By GENEVIEVE BOOKWALTER
While shifting winds cleared smoke out of the foothills yesterday, they also pushed flames across another 500 acres in a fire burning in Yosemite National Park and Stanislaus National Forest.
Growth of the burn, dubbed the Kibbie Complex Fire, prompted fire officials yesterday to call in bombers from California Department of Forestry and Fire Protection's base at Columbia Airport to drop retardant on that portion of the fire, said Jack Horner, Forest Service spokesman. One firefighting crew was called in yesterday and two more 20-person crews were expected today.
The fire, started by lightning this summer just northeast of Cherry Lake, has grown to 4,500 acres.
Yesterday afternoon, flames jumped a fuel break in Yosemite that was cut to contain them, Horner said, which is not unusual for fires to do. He said there is no need for alarm.
"I think it was continuing to grow with the push of the wind," he said. "It wasn't any big blowup or anything."
Most of the spread was contained to Yosemite, Horner said. No structures were threatened.

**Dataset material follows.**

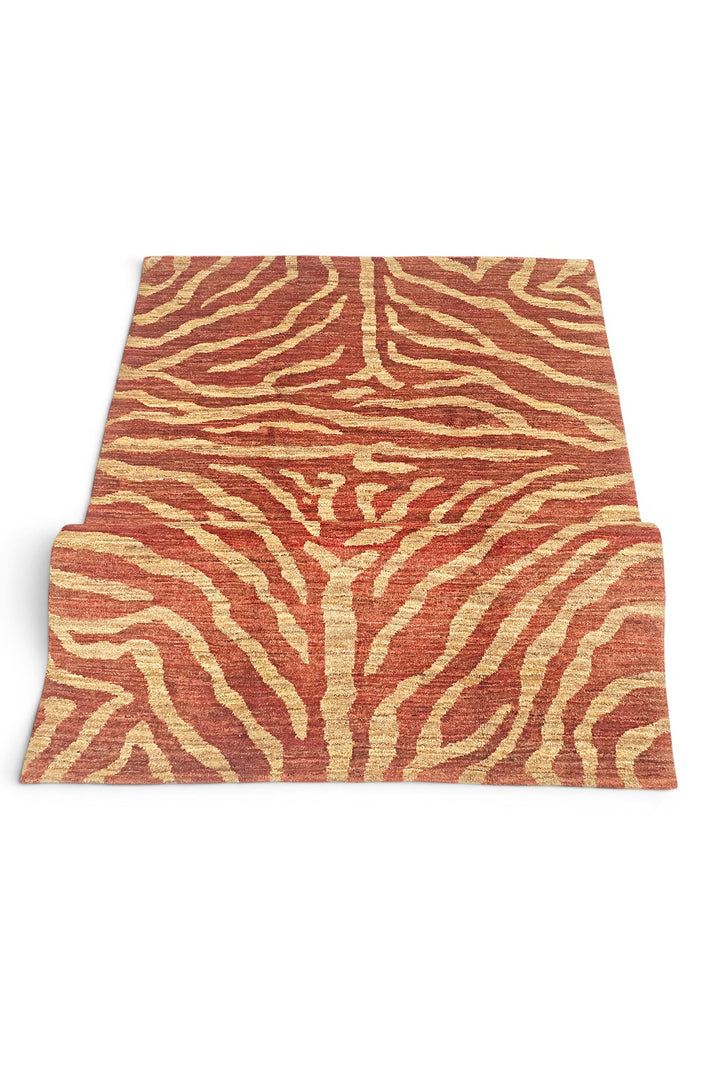Terracotta Gabbeh, Hand-Knotted Afghan Wool Rug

Horner stressed that this fire was not like the Los Alamos, N.M., disaster in spring of 2000 where a controlled burn jumped its boundaries and scorched more than 47,000 acres and destroyed several hundred homes.
The Kibbie Complex Fire "wasn't out of control," Horner said.

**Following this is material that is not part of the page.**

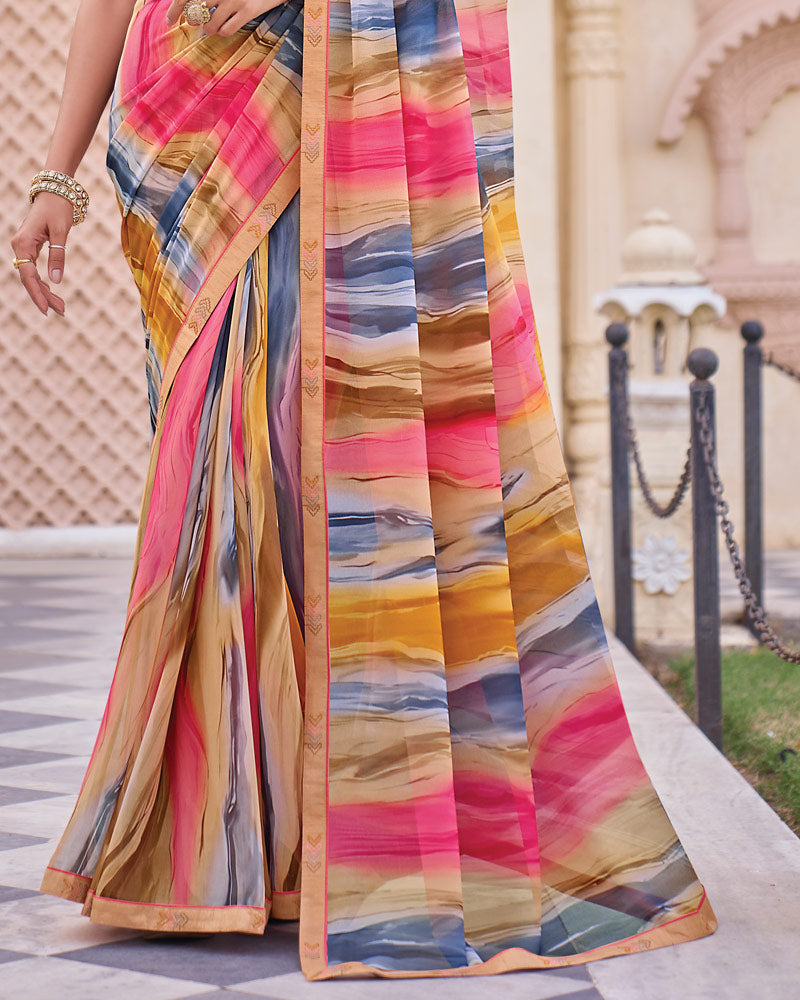 Vishal Prints Multicolor Digital Print Georgette Saree With Fancy Embroidery Border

However, with relative humidity dropping, Horner said his concern was not so much keeping controlled burns in their boundaries but ensuring campers properly extinguish their fires.
Campfires are not allowed below 6,000-foot elevation, Horner said. Camp stoves are allowed with a permit.
His warning comes after what firefighters thought was a small spot fire yesterday at Spicer Reservoir, south of Highway 4, turned out to be an abandoned campfire.
"Especially with hunting season starting again, we want people to be careful with fire because we've got a lot of fire already on the ground," Horner said.